Essays

Paint the Town Pink in Operation Petticoat

Throw a bunch of free-spirited, unqualified men and women together in uniform and see where the wacky antics leads.
By  · Published on January 25th, 2009

Every week, Film School Rejects presents a film that was made before you were born and tells you why you should like it. This week, Old Ass Movies presents:

Operation Petticoat (1959)

There aren’t many movies out there that land squarely in both the War Genre and the Comedy Genre. It’s a difficult balance to strike – one that was attempted a decent bit during WWII with films like The More the Merrier, but where actually taking the story out into the theater of war for laughs wasn’t undertaken that often. With Operation Petticoat, we have a prototype for films like Stripes and McHale’s Navy. Throw a bunch of free-spirited, unqualified men and women together in uniform and see where the wacky antics leads.

There really isn’t a plot to speak of in this film. It follows the classic comedy formula of throwing in a bunch of characters together and have them bounce around each other. The Pinball Machine Method of comedy. This is fairly unsurprising it was directed by the legendary Blake Edwards, who, at the age of 86 continues to make movies today. The reason the film is so entertaining is that the pinballs Edwards gets for the film are Cary Grant and Tony Curtis.

Grant plays Lieutenant Commander Matt Sherman, a charismatic man who happens to be assigned the command of a submarine that is falling apart. Luckily, his Lieutenant Junior Grade is Nick Holden (played by Curtis) a selfish ladies’ man who doesn’t take the military seriously. As expected, the two men play off each other continually throughout the movie, taking verbal jabs and escalating their feud while somehow managing to keep the sub afloat (underwater).

Without a true plot to speak of, you really watch the film for the comic set ups that all have fairly quick payoffs. Holden goes AWOL for a night of drinking. Sherman sells Holden’s golf clubs and tennis rackets to a villager. Reapeat.

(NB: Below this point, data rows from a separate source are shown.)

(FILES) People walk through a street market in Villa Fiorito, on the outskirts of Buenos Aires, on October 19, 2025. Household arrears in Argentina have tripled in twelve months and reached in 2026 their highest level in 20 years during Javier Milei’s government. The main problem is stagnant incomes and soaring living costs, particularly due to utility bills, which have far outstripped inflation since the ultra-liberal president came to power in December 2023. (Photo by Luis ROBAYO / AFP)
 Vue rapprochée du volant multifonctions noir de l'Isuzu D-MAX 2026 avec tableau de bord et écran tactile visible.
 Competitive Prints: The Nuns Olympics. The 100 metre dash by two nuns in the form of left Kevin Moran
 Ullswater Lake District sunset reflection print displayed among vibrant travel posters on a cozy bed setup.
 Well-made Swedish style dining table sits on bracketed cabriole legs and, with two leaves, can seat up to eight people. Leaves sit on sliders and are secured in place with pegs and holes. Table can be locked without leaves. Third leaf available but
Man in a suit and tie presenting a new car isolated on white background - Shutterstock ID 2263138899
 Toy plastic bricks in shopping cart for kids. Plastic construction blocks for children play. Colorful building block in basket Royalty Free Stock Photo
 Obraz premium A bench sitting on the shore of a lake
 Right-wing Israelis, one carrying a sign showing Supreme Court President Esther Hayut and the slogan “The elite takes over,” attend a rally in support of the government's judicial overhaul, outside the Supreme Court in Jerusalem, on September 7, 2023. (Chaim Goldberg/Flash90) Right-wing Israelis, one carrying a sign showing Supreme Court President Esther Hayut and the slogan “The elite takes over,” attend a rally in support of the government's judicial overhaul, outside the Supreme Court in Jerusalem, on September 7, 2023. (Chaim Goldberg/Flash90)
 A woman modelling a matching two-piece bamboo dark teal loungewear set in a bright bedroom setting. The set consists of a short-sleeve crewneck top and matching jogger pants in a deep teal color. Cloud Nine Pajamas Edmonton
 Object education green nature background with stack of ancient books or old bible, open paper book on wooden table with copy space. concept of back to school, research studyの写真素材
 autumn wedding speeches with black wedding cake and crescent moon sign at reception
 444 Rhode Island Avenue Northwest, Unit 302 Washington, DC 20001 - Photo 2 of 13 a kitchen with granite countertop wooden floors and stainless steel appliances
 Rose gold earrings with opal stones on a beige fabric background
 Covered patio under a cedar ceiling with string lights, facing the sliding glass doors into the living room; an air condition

Imagine a sketch comedy show where all the characters intertwined and they all took place in one location, and you’re starting to get a good idea. Now imagine that each sketch is funny and makes you like the characters more, and you’re mostly there. Curtis and Grant shine throughout, making each encounter better and better throughout the film until they have to solve an actual wartime problem together. But, staying true to the comedic form, that problem is absurd, involving their own Navy firing upon them and the crew having to pretend to be sunk by floating debris up to the surface. Of course, most of that debris happens to be the bras from every nurse on board.

Most famous of all the gags is the painting of the submarine pink. A jab both at the unprofessionalism of the crew and the egregious lack of equipment faced by the military during war time, there isn’t enough red or white paint to coat the ship with, so Sherman orders that they mix the two colors together to make enough. It may seem a bit dated, but it’s a simple concept that pays off well when the ship pulls into port alongside a ton of other waving and whistling military men.

Operation Petticoat is a simple film with some fairly straightforward laughs, but it’s a solid film and one that has influenced a small amount of films that have attempted that difficult crossover into humor with bombs dropping. By the end of the film, there’s a nice moment where Sherman hands over the commander’s log to Holden who has, somehow, earned command of the sub. But other than that minute of screen time, nothing really matters, no problem is ever truly severe, and the heroes will always smile their way through. As with any classic comedy, it presents the lighter side of life where heavy consequences just don’t exist. The genius is that it succeeds in doing so with such heavy subject matter – making it a truly brilliant film.